Let's review, courtesy of Thomas Walkom, our young convicted terrorist's complicity in the plot :

He did not make bombs or buy guns. Nor did he advocate doing so.
He did not threaten to kill anyone, did not call for holy war, did not pledge allegiance to Osama bin Laden.
He did not even badmouth Canada's military efforts in Afghanistan.

His most damning entry on the audio tapes helpfully provided by Mr Mehta, who testified along with the other crown witness at the kid's trial in September that he believed him to be innocent, was to ask if "if Muslims can use Nivea cream".

So what was he convicted of ?

Walkom explains Superior Court Justice John Sproat's guilty verdict last September :

"Under the anti-terror legislation, the government doesn't need to prove an accused terrorist took part in or even knew about a specific plot.
All it has to prove is that he knowingly participated in the activities of a terrorist group and contributed either directly or indirectly to anything "enhancing" its abilities."

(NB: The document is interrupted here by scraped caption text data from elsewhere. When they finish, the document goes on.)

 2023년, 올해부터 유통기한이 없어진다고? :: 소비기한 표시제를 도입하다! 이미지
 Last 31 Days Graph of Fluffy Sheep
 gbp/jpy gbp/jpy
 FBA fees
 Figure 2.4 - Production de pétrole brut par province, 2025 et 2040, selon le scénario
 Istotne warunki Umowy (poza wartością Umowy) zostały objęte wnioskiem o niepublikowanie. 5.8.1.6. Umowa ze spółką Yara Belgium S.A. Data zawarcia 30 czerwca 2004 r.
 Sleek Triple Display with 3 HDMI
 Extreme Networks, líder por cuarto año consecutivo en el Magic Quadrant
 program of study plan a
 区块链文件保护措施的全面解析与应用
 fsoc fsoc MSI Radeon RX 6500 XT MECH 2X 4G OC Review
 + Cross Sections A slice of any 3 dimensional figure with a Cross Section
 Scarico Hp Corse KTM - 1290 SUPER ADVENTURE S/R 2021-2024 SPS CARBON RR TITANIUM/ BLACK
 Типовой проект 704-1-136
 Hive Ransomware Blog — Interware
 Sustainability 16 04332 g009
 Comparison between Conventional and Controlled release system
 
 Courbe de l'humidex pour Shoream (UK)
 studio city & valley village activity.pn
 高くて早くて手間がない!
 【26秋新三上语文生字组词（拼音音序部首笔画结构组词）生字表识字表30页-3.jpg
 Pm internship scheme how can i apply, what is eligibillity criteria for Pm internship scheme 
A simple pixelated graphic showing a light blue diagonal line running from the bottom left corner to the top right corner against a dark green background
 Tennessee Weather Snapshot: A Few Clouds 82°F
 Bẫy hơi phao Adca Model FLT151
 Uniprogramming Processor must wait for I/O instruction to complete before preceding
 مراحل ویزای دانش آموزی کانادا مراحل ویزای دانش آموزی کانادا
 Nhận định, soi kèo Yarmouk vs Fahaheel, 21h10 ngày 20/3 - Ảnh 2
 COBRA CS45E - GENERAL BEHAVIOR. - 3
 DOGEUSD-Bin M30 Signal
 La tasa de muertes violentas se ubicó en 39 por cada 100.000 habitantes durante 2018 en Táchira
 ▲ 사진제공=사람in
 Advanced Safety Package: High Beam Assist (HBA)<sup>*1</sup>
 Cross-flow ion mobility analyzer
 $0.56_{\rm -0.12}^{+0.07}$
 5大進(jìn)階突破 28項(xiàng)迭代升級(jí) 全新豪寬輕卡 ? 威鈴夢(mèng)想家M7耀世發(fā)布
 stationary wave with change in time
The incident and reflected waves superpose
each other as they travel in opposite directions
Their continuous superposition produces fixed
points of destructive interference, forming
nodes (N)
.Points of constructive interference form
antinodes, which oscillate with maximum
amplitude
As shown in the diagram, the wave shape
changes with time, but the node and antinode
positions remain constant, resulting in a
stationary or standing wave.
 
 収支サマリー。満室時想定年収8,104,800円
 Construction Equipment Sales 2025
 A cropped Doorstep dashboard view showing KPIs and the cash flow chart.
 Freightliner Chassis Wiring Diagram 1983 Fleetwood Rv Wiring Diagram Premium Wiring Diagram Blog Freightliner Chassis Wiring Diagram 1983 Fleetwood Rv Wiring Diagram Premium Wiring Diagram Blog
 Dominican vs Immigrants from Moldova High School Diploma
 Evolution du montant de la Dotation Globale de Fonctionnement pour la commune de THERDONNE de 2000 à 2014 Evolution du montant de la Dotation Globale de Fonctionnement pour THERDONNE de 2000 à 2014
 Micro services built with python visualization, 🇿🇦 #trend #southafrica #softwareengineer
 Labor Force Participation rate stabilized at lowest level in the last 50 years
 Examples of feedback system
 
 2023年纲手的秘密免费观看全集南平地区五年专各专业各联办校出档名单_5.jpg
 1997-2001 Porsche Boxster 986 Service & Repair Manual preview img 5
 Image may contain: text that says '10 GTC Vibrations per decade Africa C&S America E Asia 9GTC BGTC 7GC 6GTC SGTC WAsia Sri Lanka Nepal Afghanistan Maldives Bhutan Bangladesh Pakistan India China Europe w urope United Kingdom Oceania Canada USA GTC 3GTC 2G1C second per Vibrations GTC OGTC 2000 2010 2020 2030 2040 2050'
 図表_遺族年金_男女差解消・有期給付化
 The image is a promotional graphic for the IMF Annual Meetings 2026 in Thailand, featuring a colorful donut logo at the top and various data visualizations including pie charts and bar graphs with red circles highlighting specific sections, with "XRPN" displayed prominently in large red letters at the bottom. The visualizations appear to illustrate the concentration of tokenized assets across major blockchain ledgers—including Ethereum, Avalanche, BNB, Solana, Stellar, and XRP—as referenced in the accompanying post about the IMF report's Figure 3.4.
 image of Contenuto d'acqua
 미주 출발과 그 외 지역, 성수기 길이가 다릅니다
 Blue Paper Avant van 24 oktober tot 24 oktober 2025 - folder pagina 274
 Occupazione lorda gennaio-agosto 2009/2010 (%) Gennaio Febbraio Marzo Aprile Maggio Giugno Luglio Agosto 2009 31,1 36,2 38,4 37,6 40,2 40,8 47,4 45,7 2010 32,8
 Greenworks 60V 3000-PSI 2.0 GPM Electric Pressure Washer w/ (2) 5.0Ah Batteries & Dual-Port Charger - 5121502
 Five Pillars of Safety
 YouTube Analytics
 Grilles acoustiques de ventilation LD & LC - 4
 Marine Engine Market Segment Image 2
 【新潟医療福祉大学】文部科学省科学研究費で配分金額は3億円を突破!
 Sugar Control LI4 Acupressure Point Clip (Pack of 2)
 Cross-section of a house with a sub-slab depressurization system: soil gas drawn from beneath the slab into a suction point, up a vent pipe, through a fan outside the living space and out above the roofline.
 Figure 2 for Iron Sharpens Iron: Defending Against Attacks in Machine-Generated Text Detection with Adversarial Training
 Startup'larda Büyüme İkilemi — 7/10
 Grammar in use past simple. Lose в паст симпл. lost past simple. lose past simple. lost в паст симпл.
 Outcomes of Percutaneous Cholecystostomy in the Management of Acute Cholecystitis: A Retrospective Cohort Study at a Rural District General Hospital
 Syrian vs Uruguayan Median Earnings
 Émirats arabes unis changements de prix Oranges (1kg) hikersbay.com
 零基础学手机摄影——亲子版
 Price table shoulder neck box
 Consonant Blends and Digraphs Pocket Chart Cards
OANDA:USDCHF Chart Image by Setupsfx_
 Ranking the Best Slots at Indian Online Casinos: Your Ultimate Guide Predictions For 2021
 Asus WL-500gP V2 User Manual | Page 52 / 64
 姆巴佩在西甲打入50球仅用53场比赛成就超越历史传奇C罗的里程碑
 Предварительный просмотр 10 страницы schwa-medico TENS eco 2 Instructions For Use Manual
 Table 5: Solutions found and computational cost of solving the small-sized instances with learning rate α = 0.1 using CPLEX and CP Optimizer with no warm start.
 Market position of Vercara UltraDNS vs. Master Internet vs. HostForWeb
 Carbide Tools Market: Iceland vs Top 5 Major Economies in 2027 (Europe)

Oh well - the kid definitely qualifies then.
As RCMP/CSIS fatcamp troop leader and prosecution star witness Mubin Shaikh testified at the kid's trial, he convinced the reluctant teen to attend the training camp by telling him it was a religious retreat:

"I don't believe that (he) is a terrorist," he said outside the courtroom.
"I don't believe he should've been put through what he was put through, but that's our system." Shaikh said he did not believe that the defendant was aware of the group's violent plans."

And yet under "our system", if the kid's lawyers are not successful in overturning his conviction by a sole judge, the kid could get ten years for, as Hysperia remarked in comments at the time, "something that someone else might have been doing without his knowledge."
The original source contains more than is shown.